Can you find all five three-digit numbers and complete the table?

The solution to this Riddler Express can be found in the following column.

## Riddler Classic

From Toby Berger comes a towering challenge:

Cassius the ape (a friend of Caesar’s) has gotten his hands on a Lucas’ Tower puzzle (also commonly referred to as the “Tower of Hanoi”). This particular puzzle consists of three poles and three disks, all of which start on the same pole. The three disks have different diameters — the biggest disk is at the bottom and the smallest disk is at the top. The goal is to move all three disks from one pole to any other pole, one at a time, but there’s a catch. At no point can a larger disk ever sit atop a smaller disk.

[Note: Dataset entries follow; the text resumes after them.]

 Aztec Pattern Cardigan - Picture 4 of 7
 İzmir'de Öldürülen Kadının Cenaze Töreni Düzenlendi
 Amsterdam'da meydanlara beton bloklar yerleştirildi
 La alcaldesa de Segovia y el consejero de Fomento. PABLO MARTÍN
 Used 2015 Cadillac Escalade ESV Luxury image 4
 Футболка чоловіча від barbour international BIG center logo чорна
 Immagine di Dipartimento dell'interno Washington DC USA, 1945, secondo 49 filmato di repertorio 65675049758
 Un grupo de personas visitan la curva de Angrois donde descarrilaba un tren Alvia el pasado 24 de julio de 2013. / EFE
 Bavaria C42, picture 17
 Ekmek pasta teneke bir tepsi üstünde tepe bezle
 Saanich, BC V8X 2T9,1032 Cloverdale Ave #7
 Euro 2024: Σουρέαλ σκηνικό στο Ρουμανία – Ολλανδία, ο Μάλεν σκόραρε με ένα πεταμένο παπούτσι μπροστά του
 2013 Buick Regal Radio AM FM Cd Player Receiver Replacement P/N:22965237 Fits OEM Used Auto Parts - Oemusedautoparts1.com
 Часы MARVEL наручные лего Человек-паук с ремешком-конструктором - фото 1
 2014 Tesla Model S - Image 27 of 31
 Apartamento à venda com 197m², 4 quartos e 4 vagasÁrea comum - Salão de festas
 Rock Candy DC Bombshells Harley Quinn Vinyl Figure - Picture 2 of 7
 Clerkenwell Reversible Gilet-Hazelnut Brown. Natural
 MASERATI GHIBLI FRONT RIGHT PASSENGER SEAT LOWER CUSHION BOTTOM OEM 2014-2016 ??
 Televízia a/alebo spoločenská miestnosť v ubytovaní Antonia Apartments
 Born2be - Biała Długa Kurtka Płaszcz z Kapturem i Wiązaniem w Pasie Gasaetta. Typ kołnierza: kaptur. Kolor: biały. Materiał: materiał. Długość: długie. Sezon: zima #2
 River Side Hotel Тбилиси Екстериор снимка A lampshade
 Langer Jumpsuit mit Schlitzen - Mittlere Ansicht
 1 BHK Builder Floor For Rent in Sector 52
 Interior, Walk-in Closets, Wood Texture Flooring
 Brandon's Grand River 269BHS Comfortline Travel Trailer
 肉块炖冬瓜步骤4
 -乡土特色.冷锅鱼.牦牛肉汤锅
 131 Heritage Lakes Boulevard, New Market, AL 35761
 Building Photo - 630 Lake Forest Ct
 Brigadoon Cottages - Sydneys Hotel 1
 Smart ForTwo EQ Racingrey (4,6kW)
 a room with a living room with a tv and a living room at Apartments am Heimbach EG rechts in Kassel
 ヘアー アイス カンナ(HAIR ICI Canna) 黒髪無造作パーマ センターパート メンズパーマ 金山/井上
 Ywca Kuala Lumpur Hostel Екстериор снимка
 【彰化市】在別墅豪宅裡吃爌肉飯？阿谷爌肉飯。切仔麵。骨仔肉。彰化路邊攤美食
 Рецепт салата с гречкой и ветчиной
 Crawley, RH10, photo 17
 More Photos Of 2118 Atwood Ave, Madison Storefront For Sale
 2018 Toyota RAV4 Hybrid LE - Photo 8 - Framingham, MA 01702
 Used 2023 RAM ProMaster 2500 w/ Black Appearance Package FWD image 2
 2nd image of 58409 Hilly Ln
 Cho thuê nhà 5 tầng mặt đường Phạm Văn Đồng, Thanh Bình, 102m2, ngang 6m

For *N* disks, the minimum number of moves is 2^{N}−1. (Spoiler alert! If you haven’t proven this before, give it a shot. It’s an excellent exercise in mathematical induction.)

But this week, the *minimum* number of moves is not in question. It turns out that Cassius couldn’t care less about solving the puzzle, but he is very good at following directions and understands a larger disk can never sit atop a smaller disk. With each move, he randomly chooses one among the set of valid moves.

On average, how many moves will it take for Cassius to solve this puzzle with three disks?

*Extra credit:* On average, how many moves will it take for Cassius to solve this puzzle in the general case of *N* disks?

The solution to this Riddler Classic can be found in the following column.

## Solution to last week’s Riddler Express

Congratulations to 👏 Edouard Duriez 👏 of Toulouse, France, winner of last week’s Riddler Express.

Last week, I had found four cubic blocks in a peculiar arrangement. Three of them were flat on the ground, with their corners touching and enclosing an equilateral triangle. Meanwhile, the fourth cube was above the other three, filling in the gap between them in a surprisingly snug manner. I even had photo evidence:

If each of the four cubes had side length 1, then how far above the ground was the bottommost corner of the cube on top?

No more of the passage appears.